### DATA EXCERPT ###

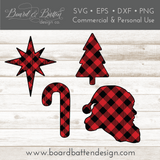 Buffalo Plaid Christmas Shapes Set 3 - Candy Cane, Santa Head, Star of Bethlehem, and Christmas Tree SVG File - Commercial Use SVG Files for Cricut & Silhouette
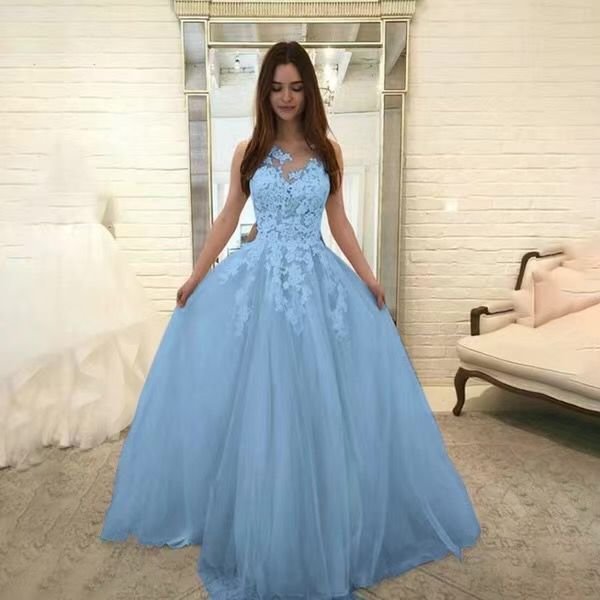 Women Wedding Dress Sleevless Flowers Lace Dress - Image 2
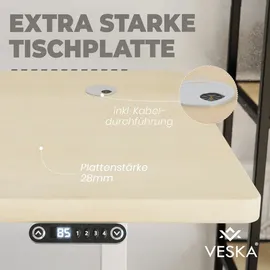 veska Höhenverstellbarer Schreibtisch (140 x 70 cm) - Sitz- & Stehpult - Bürotisch Elektrisch Höhenverstellbar mit Touchscreen & Stahlfüßen - Anthrazit/Bambus
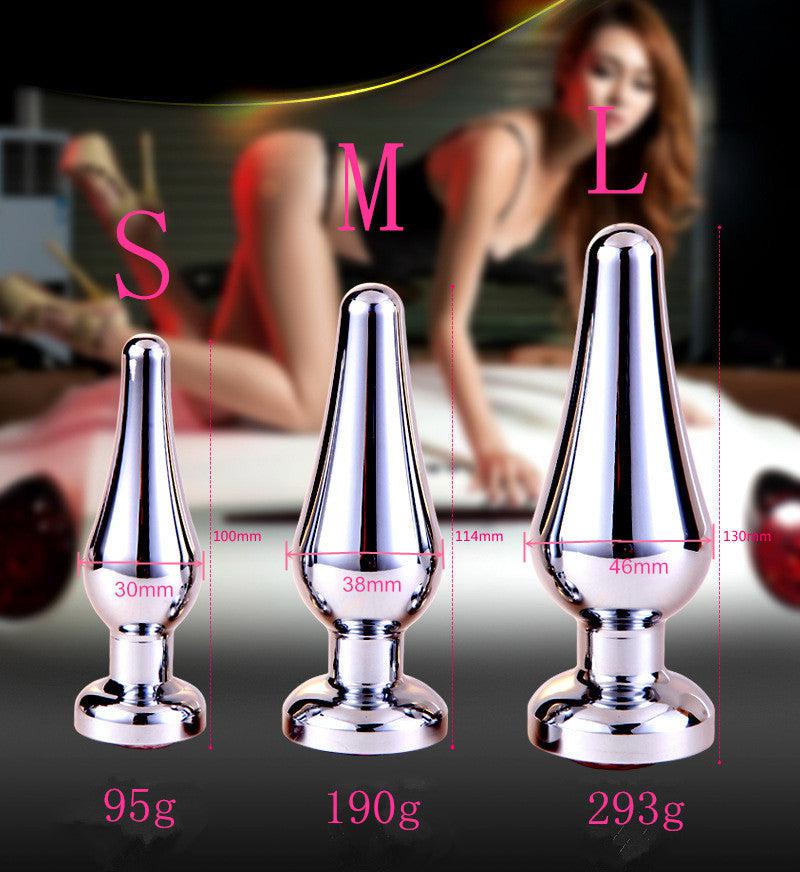 Buttplug Aluminium Met Transparant Kristal - 114 mm x 38 mm-Erotiekvoordeel.nl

###

* _TASK TO COMPLETE_
Working from the listing above, retype it exactly but include no images.

* _PROBLEM SOLUTION_
 Buffalo Plaid Christmas Shapes Set 3 - Candy Cane, Santa Head, Star of Bethlehem, and Christmas Tree SVG File - Commercial Use SVG Files for Cricut & Silhouette
 Women Wedding Dress Sleevless Flowers Lace Dress - Image 2
 veska Höhenverstellbarer Schreibtisch (140 x 70 cm) - Sitz- & Stehpult - Bürotisch Elektrisch Höhenverstellbar mit Touchscreen & Stahlfüßen - Anthrazit/Bambus
 Buttplug Aluminium Met Transparant Kristal - 114 mm x 38 mm-Erotiekvoordeel.nl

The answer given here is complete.